Use ai.SubAgentTool for agent-as-tool workflows. Use ai.yield_from(...)
inside custom loops to fan out streams and forward nested events as
PartialToolCallResult values with labels.
async with (
researcher.run(model, research_messages) as research_stream,
analyst.run(model, analyst_messages) as analyst_stream,
):
research_text, analyst_text = await asyncio.gather(
ai.yield_from(
research_stream,
label="researcher",
aggregator=ai.agents.MessageAggregator,
),
ai.yield_from(
analyst_stream,
label="analyst",
aggregator=ai.agents.MessageAggregator,
),
)
Route labels in the consumer:
if isinstance(event, ai.events.PartialToolCallResult):
if event.label == "researcher":
route_research(event.value)
Hooks are runtime suspension points. Tool approvals are the built-in workflow.
@ai.tool(require_approval=True)
async def delete_file(path: str) -> str:
"""Delete a file."""
...
The default loop gates each call behind an approval hook with label
approve_{tool_call_id} and payload ai.tools.ToolApproval.
async with agent.run(model, messages) as stream:
async for event in stream:
if isinstance(event, ai.events.HookEvent) and event.hook.status == "pending":
ai.resolve_hook(
event.hook.hook_id,
ai.tools.ToolApproval(granted=True, reason="approved"),
)
Resolve with granted=False to deny the call and return an error tool result.

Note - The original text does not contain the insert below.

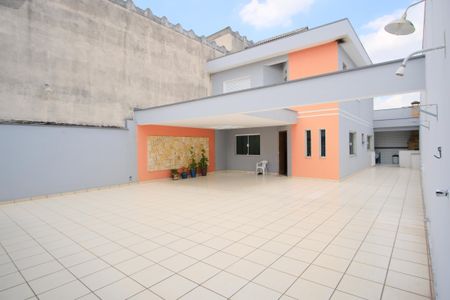 Casa para alugar com 280m², 6 quartos e 12 vagasQuintal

Manual hooks block until resolved in live flows:
approval = await ai.hook(
"approve_send_email",
payload=ai.tools.ToolApproval,
metadata={"tool": "send_email"},
)
Resolve or cancel from another task, request handler, or UI callback:
ai.resolve_hook("approve_send_email", {"granted": True, "reason": "approved"})

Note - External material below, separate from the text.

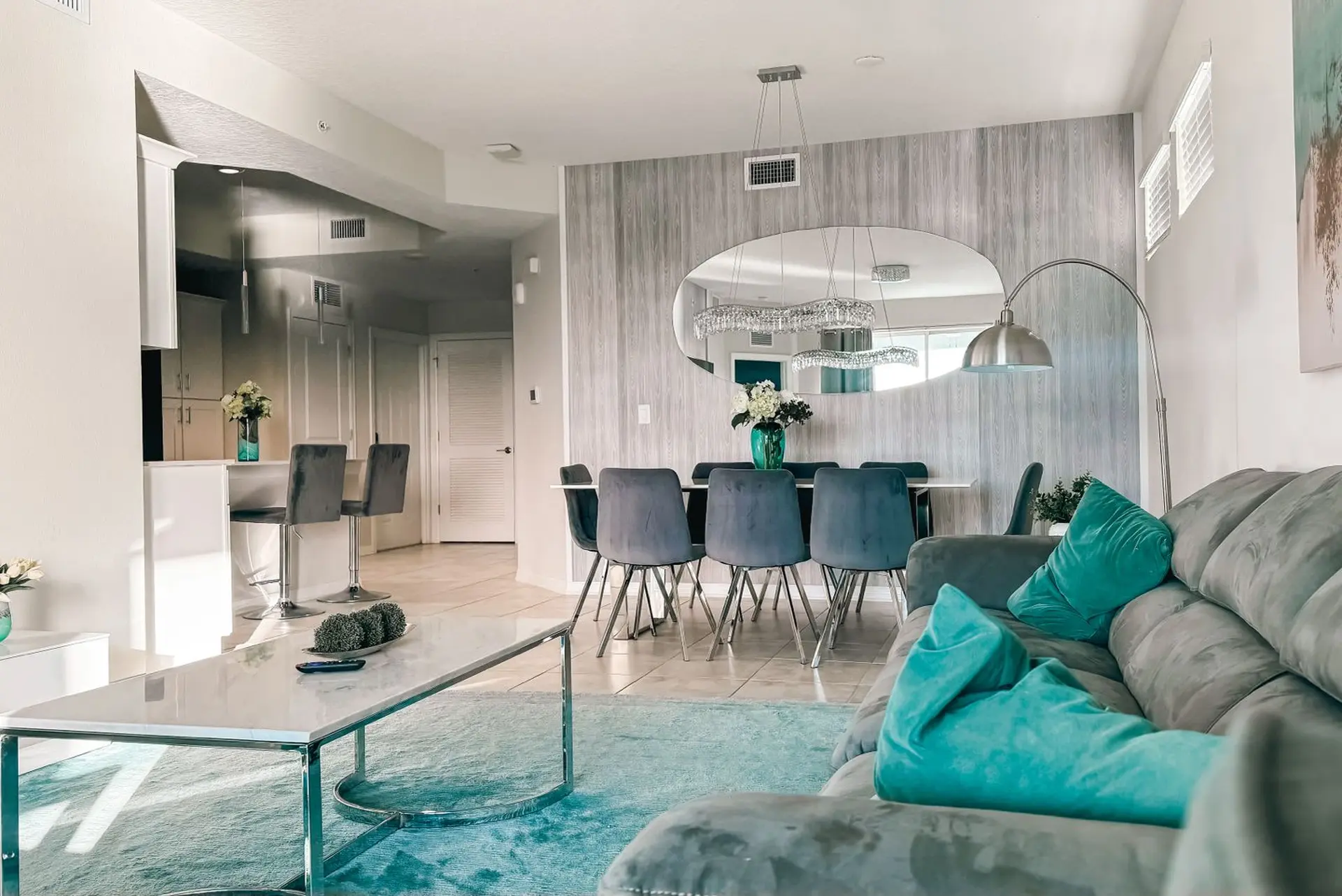 Beautiful Lakeview Retreat Near Disney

await ai.cancel_hook("approve_send_email", reason="client disconnected")
Hooks emit HookEvent objects. Their messages use role="internal" and contain
HookPart values.
Serverless resume flow:
async with agent.run(model, messages) as stream:
async for event in stream:
if isinstance(event, ai.events.HookEvent) and event.hook.status == "pending":
ai.abort_pending_hook(event.hook)
yield event
persist(stream.messages)
# Later, restore messages, pre-register the resolution, and rerun.

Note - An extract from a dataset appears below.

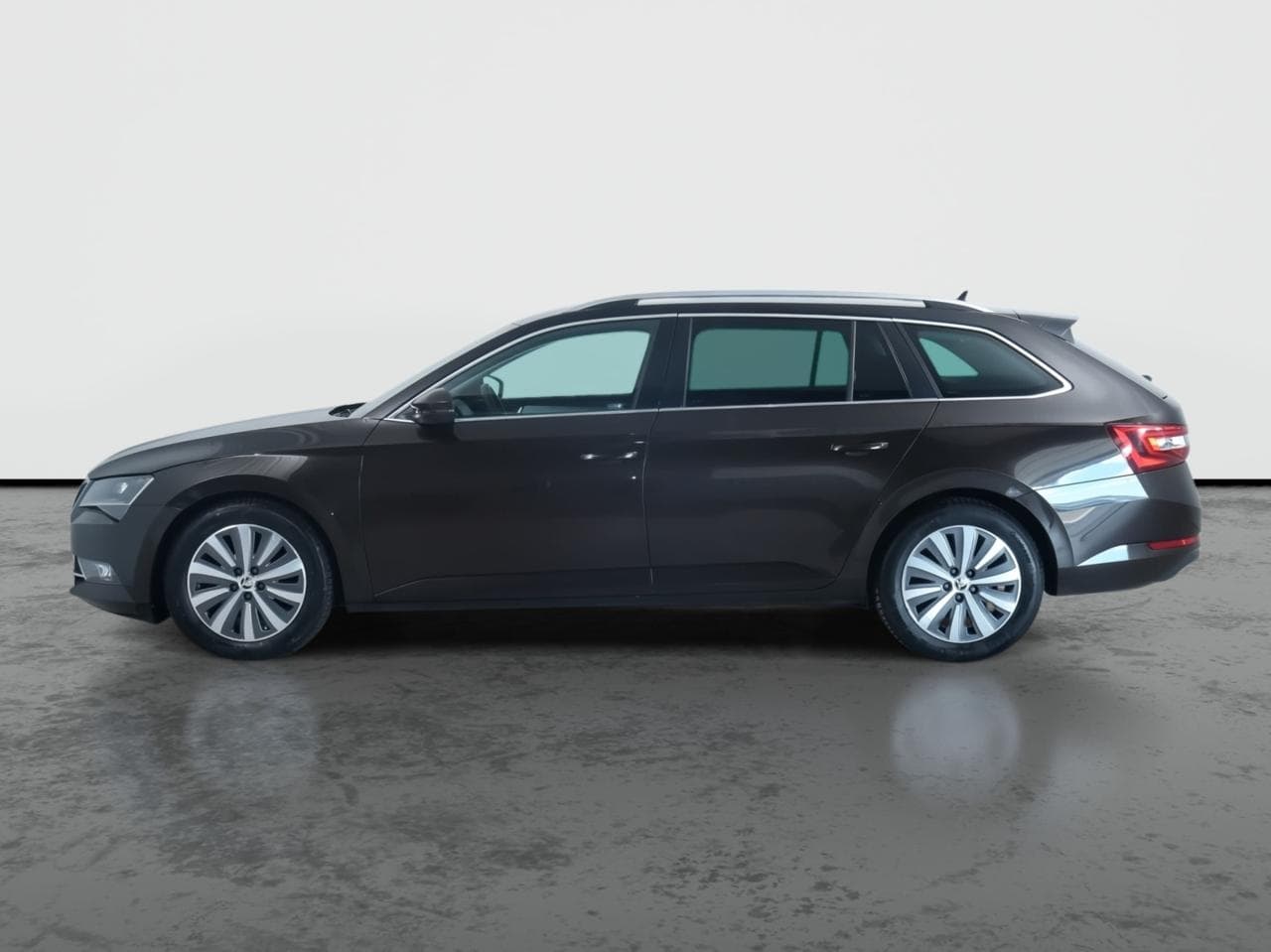 2018 Škoda SUPERB - 4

ai.resolve_hook(hook_id, ai.tools.ToolApproval(granted=True, reason="approved"))
MCP adapters return AgentTool objects usable in ai.agent(...).
tools = await ai.mcp.get_http_tools(
"https://mcp.example.com/mcp",
headers={"Authorization": "Bearer token"},
tool_prefix="docs",
)
tools = await ai.mcp.get_stdio_tools(
"npx",
"-y",
"@anthropic/mcp-server-filesystem",
"/tmp",
tool_prefix="fs",
)
agent = ai.agent(tools=tools)
Use ai.agents.ui.ai_sdk to convert between AI SDK UI messages and Python
runtime messages/events.
class ChatRequest(pydantic.BaseModel):
messages: list[ai.agents.ui.ai_sdk.UIMessage]
@app.post("/chat")
async def chat(request: ChatRequest):
messages, approvals = ai.agents.ui.ai_sdk.to_messages(request.messages)
ai.agents.ui.ai_sdk.apply_approvals(approvals)
async def stream_response():
async with chat_agent.run(model, messages) as stream:
async for chunk in ai.agents.ui.ai_sdk.to_sse(stream):
yield chunk
return fastapi.responses.StreamingResponse(
stream_response(),
headers=ai.agents.ui.ai_sdk.UI_MESSAGE_STREAM_HEADERS,
)
Use ai.agents.ui.ai_sdk.to_ui_messages(messages) to rebuild UI history from
stored runtime messages.
For serverless approvals, monitor HookEvent before passing events to to_sse
and call ai.abort_pending_hook(event.hook) on pending hooks.
Use ai.generate for dedicated image and video models:
image_message = await ai.generate(
ai.get_model("gateway:google/imagen-4.0-generate-001"),
[ai.user_message("A watercolor mothership over a quiet city.")],
ai.ImageParams(n=1, aspect_ratio="16:9"),
)
image = image_message.images[0]
For video generation, pass ai.VideoParams(...) and read message.videos.